Jena vs Sesame: is there a serious, complete, up-to-date, unbiased, well informed, side by side, comparison between the two?

Is there a serious, complete (i.e. features, APIs, standard compliance, performances, support, documentation, extensions|contributions, etc.), up-to-date, unbiased (I am not. :-)), and well informed, side by side, pros and cons, the good and the bad parts, comparison between Jena and Sesame?

If there isn't one, can we make it altogether? (note: this is a community wiki).

Triple Stores

Quick rundown of some information out there comparing the native triple store solutions of Jena and Sesame.

Performance

Summarising numbers crunched by Bizer et al. (most recent numbers I can find which includes Jena and Sesame: like all evaluations, should be considered informative and not exhaustive—there's always a natural bias in evaluations):

Chris Bizer, Andreas Schultz. The Berlin SPARQL Benchmark. Int. J. Semantic Web Inf. Syst. 5(2): 1-24 (2009)

Results from 2009: Comparing Sesame (Native) and Jena TDB/Jena SDB.

  • To load 100m triples of evaluation data:
    • Sesame: 3 days 6 hours
    • Jena TDB: 1.5 hours
    • Jena SDB: 1 day 15 hours
  • Complex Query Mixes per Hour (rate of query answering -- higher = better) for 1M triples:
    • Sesame: 18,094
    • Jena TDB: 4,450
    • Jena SDB: 10,421
  • Complex Query Mixes per Hour for 25M triples:
    • Sesame: 1,343
    • Jena TDB: 353
    • Jena SDB: 968
  • Complex Query Mixes per Hour for 100M triples:
    • Sesame: 254
    • Jena TDB: 81
    • Jena SDB: 211
  • Simple Query Mixes per Hour for 1M triples:
    • Sesame: 38,727
    • Jena TDB: 15,842
    • Jena SDB: 15,692
  • Simple Query Mixes per Hour for 25M triples:
    • Sesame: 39,059
    • Jena TDB: 1,856
    • Jena SDB: 4,877
  • Simple Query Mixes per Hour for 100M triples:
    • Sesame: 3,116
    • Jena TDB: 459
    • Jena SDB: 584

Conclusion

  • Jena (esp. TDB) much faster to load than Sesame.
  • Sesame but provides faster response times than Jena solutions up to the evaluation scale of 100M triples.

Scalability

Can only find references to unverified claims on the ESW wiki:

  • Jena TDB (1.7B: UniProt V13.4) [2008?]
    • "...on a single machine with 64 bit hardware (36 hours, 12k triples/s)"
  • Jena SDB (650M: UniProt) [200?]
    • "Can load UniProt (650M). Uses PostgreSQL, MySQL, Oracle or MS SQL Server. Also, HSQLDB and Apache Derby"
  • Sesame (70M: LUBM) [2006]
    • "...should be taken as a minimum of what the store can handle... The machine used was a 2.8GhZ P4 (32-bits) with 1GB RAM"

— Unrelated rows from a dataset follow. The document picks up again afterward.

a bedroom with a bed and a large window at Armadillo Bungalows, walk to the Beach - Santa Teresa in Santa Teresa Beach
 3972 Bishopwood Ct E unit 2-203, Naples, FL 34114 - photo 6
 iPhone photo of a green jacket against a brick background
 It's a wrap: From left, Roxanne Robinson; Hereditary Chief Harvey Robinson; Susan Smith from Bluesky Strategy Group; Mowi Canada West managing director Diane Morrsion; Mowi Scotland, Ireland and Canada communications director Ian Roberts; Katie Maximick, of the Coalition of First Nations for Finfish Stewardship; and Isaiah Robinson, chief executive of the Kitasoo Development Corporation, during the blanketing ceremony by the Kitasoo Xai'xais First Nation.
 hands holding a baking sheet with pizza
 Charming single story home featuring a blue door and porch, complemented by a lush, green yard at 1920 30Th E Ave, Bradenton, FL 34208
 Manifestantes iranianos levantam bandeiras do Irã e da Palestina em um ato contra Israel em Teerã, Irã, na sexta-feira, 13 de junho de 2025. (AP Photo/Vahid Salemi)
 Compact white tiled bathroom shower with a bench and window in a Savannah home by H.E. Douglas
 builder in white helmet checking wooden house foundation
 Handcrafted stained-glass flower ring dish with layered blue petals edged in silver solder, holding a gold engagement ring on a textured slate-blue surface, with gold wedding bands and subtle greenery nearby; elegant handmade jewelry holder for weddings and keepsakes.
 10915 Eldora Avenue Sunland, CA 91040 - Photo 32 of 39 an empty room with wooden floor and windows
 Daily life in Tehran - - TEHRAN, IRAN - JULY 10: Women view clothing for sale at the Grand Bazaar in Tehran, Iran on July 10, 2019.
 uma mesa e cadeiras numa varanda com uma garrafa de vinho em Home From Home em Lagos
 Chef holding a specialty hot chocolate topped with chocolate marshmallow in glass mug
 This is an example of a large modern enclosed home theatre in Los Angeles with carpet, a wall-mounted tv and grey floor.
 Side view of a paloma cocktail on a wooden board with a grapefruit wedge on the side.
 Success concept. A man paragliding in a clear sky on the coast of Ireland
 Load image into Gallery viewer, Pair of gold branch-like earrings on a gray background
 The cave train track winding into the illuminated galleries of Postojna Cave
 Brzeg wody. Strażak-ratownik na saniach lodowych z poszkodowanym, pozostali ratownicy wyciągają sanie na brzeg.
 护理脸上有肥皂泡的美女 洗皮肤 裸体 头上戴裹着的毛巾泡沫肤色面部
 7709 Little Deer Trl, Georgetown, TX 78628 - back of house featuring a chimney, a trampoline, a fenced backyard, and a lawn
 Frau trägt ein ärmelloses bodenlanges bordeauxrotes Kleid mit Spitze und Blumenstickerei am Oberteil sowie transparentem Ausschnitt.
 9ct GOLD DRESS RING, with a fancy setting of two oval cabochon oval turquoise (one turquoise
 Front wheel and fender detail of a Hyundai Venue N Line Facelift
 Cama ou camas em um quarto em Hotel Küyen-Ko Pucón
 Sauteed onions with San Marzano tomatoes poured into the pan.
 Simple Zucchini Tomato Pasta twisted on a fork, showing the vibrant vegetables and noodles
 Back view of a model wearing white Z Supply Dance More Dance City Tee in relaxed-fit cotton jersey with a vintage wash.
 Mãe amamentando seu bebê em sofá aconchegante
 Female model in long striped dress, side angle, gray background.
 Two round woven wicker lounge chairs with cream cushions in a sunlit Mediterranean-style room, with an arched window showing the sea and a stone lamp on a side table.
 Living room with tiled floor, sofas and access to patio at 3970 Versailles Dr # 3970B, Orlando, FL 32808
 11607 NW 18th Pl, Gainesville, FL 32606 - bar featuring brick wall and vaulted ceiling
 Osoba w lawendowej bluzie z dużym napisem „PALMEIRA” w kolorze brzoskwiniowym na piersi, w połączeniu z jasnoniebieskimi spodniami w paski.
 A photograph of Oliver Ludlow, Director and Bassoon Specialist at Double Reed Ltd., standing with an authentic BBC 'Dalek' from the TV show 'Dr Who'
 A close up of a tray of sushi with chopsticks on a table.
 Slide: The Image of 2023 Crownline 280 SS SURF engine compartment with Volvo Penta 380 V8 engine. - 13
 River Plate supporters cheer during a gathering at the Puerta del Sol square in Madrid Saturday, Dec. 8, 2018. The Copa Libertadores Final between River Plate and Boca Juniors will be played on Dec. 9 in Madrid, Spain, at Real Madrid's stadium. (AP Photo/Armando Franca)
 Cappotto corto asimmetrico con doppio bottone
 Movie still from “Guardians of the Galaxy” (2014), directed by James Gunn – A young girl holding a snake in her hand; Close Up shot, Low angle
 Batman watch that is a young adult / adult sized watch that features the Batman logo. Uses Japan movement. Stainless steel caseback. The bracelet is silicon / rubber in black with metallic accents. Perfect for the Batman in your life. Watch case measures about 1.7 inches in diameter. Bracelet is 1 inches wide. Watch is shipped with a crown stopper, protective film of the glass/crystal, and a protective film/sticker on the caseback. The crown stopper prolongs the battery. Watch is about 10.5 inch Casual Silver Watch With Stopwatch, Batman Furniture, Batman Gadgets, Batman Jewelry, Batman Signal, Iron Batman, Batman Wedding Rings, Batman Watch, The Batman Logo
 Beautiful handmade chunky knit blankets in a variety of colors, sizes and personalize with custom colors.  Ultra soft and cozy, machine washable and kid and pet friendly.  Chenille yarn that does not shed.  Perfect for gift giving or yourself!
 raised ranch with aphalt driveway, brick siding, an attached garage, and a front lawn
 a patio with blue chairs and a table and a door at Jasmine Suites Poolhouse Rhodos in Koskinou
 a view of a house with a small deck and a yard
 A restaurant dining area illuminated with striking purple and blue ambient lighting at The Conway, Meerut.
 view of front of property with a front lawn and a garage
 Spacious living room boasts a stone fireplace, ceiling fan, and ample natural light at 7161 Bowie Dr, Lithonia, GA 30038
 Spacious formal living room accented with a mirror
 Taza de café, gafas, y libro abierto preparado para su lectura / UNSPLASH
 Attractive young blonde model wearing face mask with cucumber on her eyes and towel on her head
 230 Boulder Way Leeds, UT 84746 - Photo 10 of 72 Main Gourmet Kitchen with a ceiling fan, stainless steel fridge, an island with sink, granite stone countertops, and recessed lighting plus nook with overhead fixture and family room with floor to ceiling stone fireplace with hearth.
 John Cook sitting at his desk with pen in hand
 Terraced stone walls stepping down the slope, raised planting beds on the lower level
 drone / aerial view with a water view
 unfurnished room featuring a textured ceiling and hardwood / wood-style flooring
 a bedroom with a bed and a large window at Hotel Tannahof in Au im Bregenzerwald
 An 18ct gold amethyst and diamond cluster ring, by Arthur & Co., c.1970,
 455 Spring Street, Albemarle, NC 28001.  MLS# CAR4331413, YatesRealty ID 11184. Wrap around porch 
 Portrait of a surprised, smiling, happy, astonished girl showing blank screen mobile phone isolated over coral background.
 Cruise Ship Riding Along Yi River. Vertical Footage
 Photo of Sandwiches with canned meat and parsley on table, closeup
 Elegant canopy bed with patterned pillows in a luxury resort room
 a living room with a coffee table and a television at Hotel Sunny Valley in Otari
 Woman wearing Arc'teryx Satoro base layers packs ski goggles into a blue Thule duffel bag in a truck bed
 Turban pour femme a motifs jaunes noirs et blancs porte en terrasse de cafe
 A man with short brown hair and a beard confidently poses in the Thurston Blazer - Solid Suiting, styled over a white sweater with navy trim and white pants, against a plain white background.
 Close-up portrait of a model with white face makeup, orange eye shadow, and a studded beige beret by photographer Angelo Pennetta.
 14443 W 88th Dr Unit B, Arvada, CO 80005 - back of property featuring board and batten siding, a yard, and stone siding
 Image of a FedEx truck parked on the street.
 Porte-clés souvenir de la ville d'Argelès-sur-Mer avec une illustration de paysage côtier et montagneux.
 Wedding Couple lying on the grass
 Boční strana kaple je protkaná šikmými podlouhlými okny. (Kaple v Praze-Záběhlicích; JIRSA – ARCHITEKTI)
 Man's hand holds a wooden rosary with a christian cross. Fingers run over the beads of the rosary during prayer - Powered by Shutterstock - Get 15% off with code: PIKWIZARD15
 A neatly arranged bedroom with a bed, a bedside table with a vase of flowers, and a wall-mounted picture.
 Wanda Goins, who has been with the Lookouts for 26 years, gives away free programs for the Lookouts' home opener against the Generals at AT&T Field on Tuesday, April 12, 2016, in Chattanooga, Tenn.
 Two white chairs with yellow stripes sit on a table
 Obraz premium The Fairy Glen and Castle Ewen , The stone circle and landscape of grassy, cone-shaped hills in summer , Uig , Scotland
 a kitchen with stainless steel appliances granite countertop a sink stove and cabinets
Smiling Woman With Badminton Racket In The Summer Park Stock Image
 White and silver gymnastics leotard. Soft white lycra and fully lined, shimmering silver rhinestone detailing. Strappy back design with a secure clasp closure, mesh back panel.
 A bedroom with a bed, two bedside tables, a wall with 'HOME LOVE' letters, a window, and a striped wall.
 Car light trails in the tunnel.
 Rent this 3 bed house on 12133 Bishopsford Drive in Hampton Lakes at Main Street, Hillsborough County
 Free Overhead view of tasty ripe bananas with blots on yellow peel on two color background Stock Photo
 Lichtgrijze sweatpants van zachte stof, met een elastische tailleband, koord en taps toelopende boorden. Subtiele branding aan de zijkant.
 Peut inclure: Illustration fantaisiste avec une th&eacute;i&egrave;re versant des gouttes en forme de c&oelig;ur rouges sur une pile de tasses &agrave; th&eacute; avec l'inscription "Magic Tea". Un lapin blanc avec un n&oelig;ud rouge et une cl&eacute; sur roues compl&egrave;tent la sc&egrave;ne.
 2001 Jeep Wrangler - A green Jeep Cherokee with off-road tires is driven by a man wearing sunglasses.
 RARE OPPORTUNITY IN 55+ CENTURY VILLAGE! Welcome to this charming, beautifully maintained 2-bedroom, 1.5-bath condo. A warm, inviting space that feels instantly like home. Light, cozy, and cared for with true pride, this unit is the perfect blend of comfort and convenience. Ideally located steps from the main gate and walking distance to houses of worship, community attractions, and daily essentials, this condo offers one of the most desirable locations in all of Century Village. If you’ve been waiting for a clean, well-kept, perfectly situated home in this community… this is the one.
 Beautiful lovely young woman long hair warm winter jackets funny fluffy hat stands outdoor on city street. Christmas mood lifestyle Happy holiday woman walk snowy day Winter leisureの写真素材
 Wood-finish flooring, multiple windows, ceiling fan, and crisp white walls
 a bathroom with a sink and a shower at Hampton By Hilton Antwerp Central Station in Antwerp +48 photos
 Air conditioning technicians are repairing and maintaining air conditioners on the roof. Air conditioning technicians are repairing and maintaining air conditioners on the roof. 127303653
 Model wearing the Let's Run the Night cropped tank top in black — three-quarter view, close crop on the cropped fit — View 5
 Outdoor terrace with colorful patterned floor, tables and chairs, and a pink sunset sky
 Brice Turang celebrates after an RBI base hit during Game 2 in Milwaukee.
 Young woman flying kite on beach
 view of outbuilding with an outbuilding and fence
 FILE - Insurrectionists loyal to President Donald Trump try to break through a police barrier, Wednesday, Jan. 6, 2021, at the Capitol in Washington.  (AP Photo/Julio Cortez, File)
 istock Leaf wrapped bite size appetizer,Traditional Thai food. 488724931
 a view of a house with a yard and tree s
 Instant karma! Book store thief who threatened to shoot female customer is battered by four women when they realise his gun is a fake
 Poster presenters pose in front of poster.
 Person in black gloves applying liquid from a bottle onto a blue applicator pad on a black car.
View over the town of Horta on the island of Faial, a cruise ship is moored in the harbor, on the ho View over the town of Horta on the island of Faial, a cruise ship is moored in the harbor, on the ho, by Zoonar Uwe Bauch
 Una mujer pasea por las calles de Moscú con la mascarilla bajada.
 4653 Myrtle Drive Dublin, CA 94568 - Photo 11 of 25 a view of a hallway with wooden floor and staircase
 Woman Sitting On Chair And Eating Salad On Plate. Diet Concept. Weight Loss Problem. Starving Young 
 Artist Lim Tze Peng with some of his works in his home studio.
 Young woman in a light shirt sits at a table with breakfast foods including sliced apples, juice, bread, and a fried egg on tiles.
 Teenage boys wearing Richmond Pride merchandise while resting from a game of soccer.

Note that Sesame is demonstrated to load 100M in the previous evaluation, and the older claim of 70M is based on pretty underpowered hardware.

Conclusion

  • Jena (esp. TDB) demonstrates better scale.
  • Hard to get a fix on upper bound for scale for Sesame... only reports of 100M or less...

Summary

  • Jena TDB offers faster load times and better scale, but offers the worst query performance.
  • Sesame seems better all-round for low data sizes (<100M) assuming infrequent loads/low data churn.
  • Jena SDB sits somewhere in the middle, offering load times, query performance, and scalability between the above two.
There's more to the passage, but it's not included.